The drug war in the America is precisely like prohibition. I’ve never taken drugs and don’t intend to, but I absolutely defend the right of someone to take them if they want. By the same token, I don’t eat McDonald’s food, but I vehemently defend the right of people to eat it. As soon as the government becomes the arbiter, by edict, of what we can and cannot ingest, the frenzy in the marketplace to gain concessionary privileges never ceases. Indeed, the incessant cry to demonize one thing over another, criminalize one food over another, thunders in the ears of politicians as businesses jockey for favors and indulgences from legislative priests.
The moment the government determines that you do not own yourself, that society owns your body, you give up all personal choice and autonomy. You are no longer a citizen, but a slave. Not a person, but a pawn.
Reason: What’s a typical dinner at the Salatin household look like? What’s your favorite meal?
Salatin: We all eat together around a table laden with Teresa’s [Joel's wife] finest. We ask a blessing, pass bowls and platters, and converse on topics of interest. We eat at an appointed time every day to respect Teresa’s time and gift. Most of our food is grown right here on the farm. These are not complex meals, but simple and basic with world-class home grown ingredients.
Perhaps my favorite meal is honey baked chicken, home made applesauce, sweet potato casserole (or butternut squash casserole), sweet pickles, and fresh-picked lettuce with Teresa’s cooked dressing. Yum, yum.
Pork tenderloin, battered and fried, with all the above side dishes, is also great.
All that said, my favorite meal is breakfast. Sausage, eggs, apple juice, raw milk. It doesn’t get any better than that unless you throw in a slice of warm buttered zucchini bread. Yum, yum.
Reason: Have you ever eaten a fast food meal? If so, where? How’d you (dis)like it? Did you ever take your kids to a fast food restaurant? If so, how did they like it?
Salatin: I’ve eaten at Arby’s and Wendy’s, but not McDonald’s or Burger King—at least not in any recent decades of memory. About the only place we’ll go for fast food now is Chipotle or Five Guys Burgers and Fries. You evolve over time. I can tell you that when I’m traveling (which is now a third of the time) I routinely go a day or more without eating. Oh, of course everyone likes fast food. It’s engineered to please our taste buds, kind of like teen sex and inhaling.

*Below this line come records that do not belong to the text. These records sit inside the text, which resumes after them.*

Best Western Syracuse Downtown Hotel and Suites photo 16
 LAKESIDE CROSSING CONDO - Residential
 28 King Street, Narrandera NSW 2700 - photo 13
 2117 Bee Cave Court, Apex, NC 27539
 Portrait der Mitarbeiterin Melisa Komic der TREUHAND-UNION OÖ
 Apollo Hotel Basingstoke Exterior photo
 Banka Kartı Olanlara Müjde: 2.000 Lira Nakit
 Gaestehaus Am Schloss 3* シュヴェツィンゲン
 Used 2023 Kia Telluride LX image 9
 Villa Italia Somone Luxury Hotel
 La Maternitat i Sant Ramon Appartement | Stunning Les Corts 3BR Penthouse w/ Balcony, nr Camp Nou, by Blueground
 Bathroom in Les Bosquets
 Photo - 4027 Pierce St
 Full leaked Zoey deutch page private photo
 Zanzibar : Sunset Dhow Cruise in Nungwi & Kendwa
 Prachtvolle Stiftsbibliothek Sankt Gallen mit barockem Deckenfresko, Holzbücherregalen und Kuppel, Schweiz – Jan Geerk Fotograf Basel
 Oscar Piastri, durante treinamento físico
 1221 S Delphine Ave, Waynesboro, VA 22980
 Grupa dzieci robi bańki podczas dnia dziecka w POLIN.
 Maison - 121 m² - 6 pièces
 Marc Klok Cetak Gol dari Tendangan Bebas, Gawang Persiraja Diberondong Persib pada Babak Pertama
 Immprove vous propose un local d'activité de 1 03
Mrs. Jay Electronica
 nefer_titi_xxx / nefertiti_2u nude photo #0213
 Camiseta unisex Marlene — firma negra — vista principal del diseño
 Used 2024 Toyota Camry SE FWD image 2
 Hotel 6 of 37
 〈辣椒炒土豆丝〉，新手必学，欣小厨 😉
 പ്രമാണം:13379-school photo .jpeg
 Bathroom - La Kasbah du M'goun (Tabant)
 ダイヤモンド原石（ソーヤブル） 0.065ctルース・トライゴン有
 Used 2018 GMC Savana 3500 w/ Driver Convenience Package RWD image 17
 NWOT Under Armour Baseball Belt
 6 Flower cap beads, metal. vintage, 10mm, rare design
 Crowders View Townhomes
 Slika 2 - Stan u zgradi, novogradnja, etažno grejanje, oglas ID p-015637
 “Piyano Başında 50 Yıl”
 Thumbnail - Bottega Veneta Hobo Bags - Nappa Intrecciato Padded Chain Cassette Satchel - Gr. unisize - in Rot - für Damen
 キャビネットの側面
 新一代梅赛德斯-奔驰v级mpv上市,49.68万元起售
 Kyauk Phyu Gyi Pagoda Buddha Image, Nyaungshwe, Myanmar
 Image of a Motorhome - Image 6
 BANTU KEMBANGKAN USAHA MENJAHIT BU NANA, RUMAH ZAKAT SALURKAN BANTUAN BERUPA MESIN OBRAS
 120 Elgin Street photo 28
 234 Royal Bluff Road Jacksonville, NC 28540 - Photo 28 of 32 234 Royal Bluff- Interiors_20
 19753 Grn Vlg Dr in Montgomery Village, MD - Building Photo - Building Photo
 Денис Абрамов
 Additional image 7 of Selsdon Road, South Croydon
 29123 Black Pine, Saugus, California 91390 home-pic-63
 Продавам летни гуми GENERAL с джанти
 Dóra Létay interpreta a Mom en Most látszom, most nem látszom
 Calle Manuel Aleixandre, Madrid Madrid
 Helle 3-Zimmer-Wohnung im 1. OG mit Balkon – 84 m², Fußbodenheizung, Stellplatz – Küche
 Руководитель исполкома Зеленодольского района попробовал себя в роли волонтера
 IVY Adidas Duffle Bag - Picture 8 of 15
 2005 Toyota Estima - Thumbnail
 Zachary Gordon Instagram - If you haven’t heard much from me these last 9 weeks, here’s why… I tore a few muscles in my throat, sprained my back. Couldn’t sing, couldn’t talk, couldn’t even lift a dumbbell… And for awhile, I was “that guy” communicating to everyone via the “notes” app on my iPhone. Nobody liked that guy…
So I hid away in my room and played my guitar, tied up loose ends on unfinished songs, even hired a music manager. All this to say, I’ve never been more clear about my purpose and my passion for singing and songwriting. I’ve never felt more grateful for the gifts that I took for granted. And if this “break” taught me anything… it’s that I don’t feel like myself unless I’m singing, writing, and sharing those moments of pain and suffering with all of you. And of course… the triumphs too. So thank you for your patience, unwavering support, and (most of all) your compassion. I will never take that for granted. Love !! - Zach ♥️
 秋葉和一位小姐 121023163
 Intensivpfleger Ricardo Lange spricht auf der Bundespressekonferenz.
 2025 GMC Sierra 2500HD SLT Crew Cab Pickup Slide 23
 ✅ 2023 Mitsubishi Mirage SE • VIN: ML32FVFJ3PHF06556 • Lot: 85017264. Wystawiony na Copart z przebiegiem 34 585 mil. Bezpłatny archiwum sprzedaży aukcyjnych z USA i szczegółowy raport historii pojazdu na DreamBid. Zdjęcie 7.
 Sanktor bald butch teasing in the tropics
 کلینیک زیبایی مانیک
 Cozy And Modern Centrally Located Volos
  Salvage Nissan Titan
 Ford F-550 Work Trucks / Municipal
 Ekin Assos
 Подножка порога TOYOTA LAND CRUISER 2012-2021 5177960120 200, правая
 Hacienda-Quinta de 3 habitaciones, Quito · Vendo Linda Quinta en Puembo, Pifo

Reason: What’s the worst food law in America right now? I know there are many from which to choose.
Salatin: The prohibition on raw milk specifically and direct producer-eater food commerce generally. If I could do one thing and only one thing legislatively for the food system, it would be to create a Constitutional Amendment called the Food Choice Emancipation Proclamation which would guarantee every citizen the inalienable, fundamental right to consume any product of their choice and legalizing the direct unregulated commerce between consenting adults of said product. Right now, farmers can give away raw milk and home made pickles; the prohibition is on sales. What is it about taking money for something that suddenly turns it from a wonderful charitable product into a hazardous substance?
Everywhere I go I meet thousands of farmers ready to grow and process homemade food items for their neighbors and fellow church members. But they can’t due to these prohibitions, epitomized by raw dairy regulations. If this country allowed an opt-out spot for consenting adults to take personal responsibility for the food ingestion, it would unleash an entrepreneurial cottage-based localized tsunami on the marketplace. Wal-Mart would never know what hit it. If the foodies and greenies could only imagine what bottom-up freedom could create, they’d forget their demands for more inspections, more regulations, and more food police and instead campaign for true free markets. We haven’t had free markets in America certainly since Abraham Lincoln started the USDA, but maybe not ever.